El problema de los insultos

El Evangelio de Mateo (5,20-26) recoge un discurso de Jesús sobre la justicia, el insulto y la reconciliación. «Con el que te pone pleito, procura arreglarte en seguida, mientras vais todavía de camino, no sea que te entregue al juez, y el juez al alguacil, y te metan en la cárcel. Te aseguro que no saldrás de allí hasta que hayas pagado el último cuarto». La invitación de Jesús a los discípulos es sabiduría humana: siempre es mejor un mal acuerdo que un buen juicio. Para entender bien su enseñanza sobre la relación de amor, de caridad con nuestros hermanos, el Señor usa un ejemplo de todos los días. Pero luego va más allá y explica el problema de los insultos.

 

Son insultos anticuados los citados por Jesús.

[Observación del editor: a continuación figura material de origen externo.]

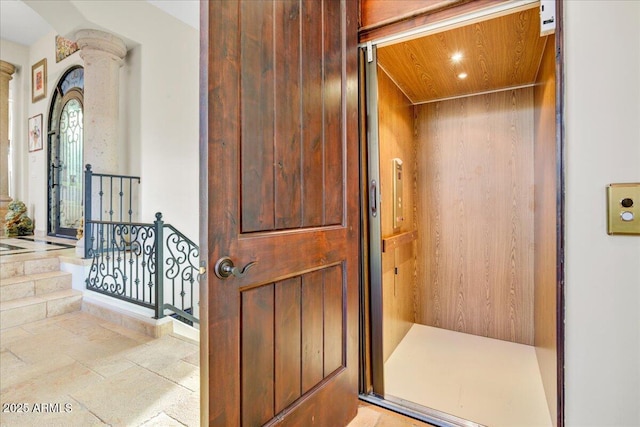 interior space with elevator, decorative columns, and recessed lighting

Ahora tenemos una lista de insultos más floreados, más folclóricos, más coloreados. Y es duro porque al “no matar” de los Mandamientos añade: «Todo el que esté peleado con su hermano será procesado». Decir al hermano “imbécil” o “renegado” lleva a la condena. Porque el insulto es comenzar a matar, es descalificar al otro, quitarle el derecho de ser respetable, es ponerlo a parte, es matarlo por la sociedad. Desgraciadamente, estamos acostumbrados a respirar el aire de los insultos. Basta conducir a hora punta. Ahí hay un carnaval de insultos. Y la gente es creativa para insultar. Y los pequeños insultos que quizá se dicen en hora punta mientras conducimos, se convierten luego en insultos gordos. Y el insulto borra el derecho de una persona: “No, no la escuchéis”, y la hunde. Esa persona ya no tiene derecho a hablar, se le ha quitado su voz.

 

El insulto es tan peligroso porque muchas veces nace de la envidia. Cuando una persona tiene una discapacidad, mental o física, no me amenaza, y no se nos ocurre insultarla. Pero si una persona hace algo que no me gusta, la insulto y la descalifico: discapacitado mental, discapacitado social, discapacitado familiar, sin capacidad de integración. Y eso mata: mata el futuro de una persona, mata el camino de una persona. Es la envidia la que abre la puerta, porque cuando una persona tiene algo que me amenaza, la envidia me lleva a insultarla. Casi siempre es la envidia.

 

El Libro de la Sabiduría no dice que por la envidia del diablo entró la muerte en el mundo. Es la envidia la que trae la muerte. Si decimos: “yo no tengo envidia de nadie”, piénsalo bien: esa envidia está escondida y cuando no está escondida, es fuerte, es capaz de ponerte amarillo, verde, como hace el líquido biliar cuando estás enfermo. Gente con el alma amarilla, con el alma verde por la envidia que les lleva al insulto, les lleva a destruir al otro. Pero Jesús dice: “No, eso no se hace”. «Si cuando vas a poner tu ofrenda sobre el altar, te acuerdas allí mismo de que tu hermano tiene quejas contra ti, deja allí tu ofrenda ante el altar y vete primero a reconciliarte con tu hermano». Jesús es así de radical. La reconciliación no es una actitud de buenas maneras, no: es una actitud radical, un comportamiento que procura respetar la dignidad del otro y la mía. Del insulto a la reconciliación, de la envidia a la amistad. Ese es el camino que Jesús nos propone hoy.

 

Hoy nos vendrá bien pensar: ¿cómo insulto yo? ¿Cuándo insulto yo? ¿Cuándo saco al otro de mi corazón con un insulto? Y ver si ahí hay esa raíz amarga de la envidia que me lleva a querer destruir al otro para abrumarlo en la competencia. No es fácil esto. Pero pensemos: ¡qué bueno no insultar nunca! Es bonito, porque así dejamos crecer a los demás. Que el Señor nos dé esta gracia.